We went to the café on the sixth floor of the Central Embassy Shopping Centre, which is right next to Chit Lom train station, and super easy to get to. Be advised, Bangkok shopping centres are extremely large and very confusing – Central Embassy is one of two shopping malls which are connected, so if you go to that café make sure you enter the right building.

Upon entering the sixth floor we wandered through a book shop to find a modern café in the centre, with a large wooden wall covered in hanging pot plants. Broccoli Revolution is an order at the counter style brunch joint – but that’s ok because you get to see all the raw vegan desserts on display when you order.

Copy of Hey,

The menu is uber healthy, innovative and experimentative. Everything is vegan based, organic and with influences from Italy, South America, Myanmar, Vietnam and of course Thailand.
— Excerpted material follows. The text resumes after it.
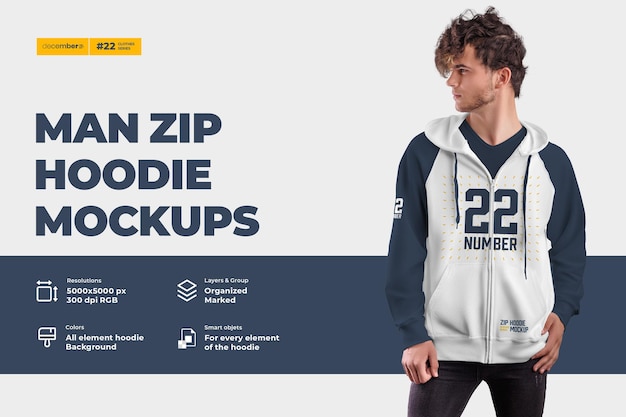 PSD men's zip hoodie mockups. design is easy in customizing images design hoodie (torso, hood, sleeve, pocket), color of all elements hoodie, heather texture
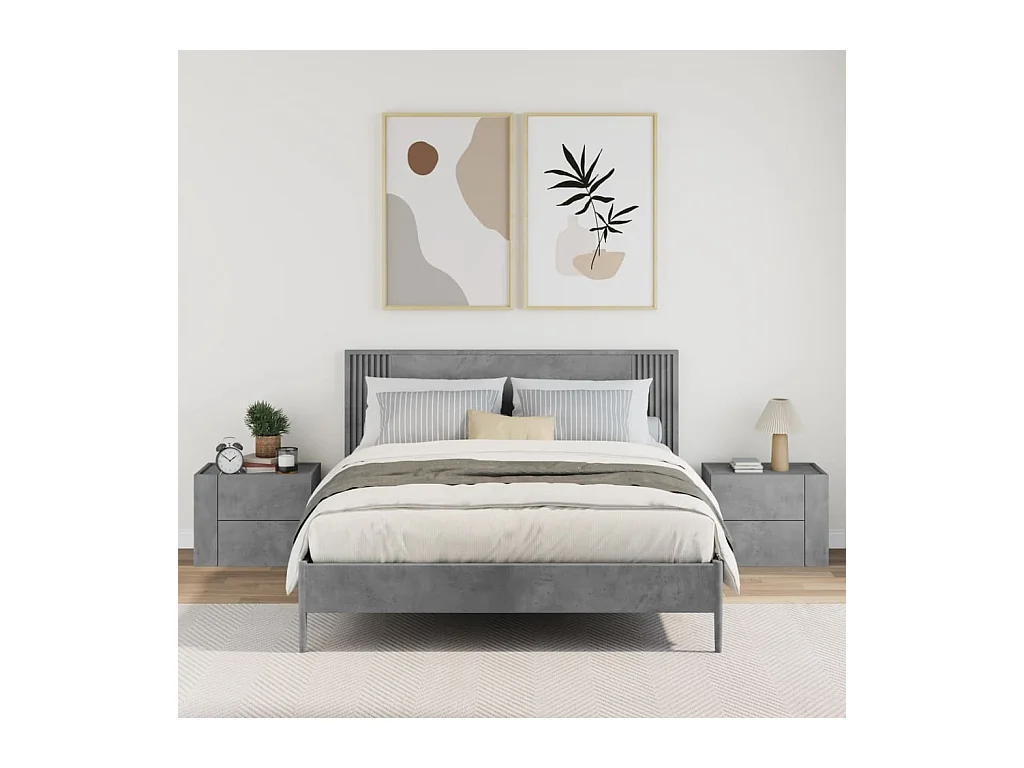Tables de chevet murales 2 pcs gris béton 45x30x35 cm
The savoury menu features things like a broccoli charcoal quinoa burger, vegan Isan platter, kiew wan quinoa bowl, cauliflower low carb rice and power bowls, as well as Thai favourites with a twist like a quinoa tom yum bowl and organic tom kha hed.

The sweet section is just as extensive – with everything from gluten free soy milk pancakes to seasonal fruit platters and five different vegan smoothies that can be made into bowls as well. They’ve got acai, choco banana, green (avocado, kale and banana), mango and even mojito.

We went for the green power bowl, which was chocked full of quinoa, avocado, broccoli (of course), cucumber, lettuce, walnuts, asparagus and pesto brown rice. While at first I was sceptical of a bowl of seemingly mismatching flavours, it turned out to be the ideal combination of  fresh Thai flavours, hearty veggies and crunch.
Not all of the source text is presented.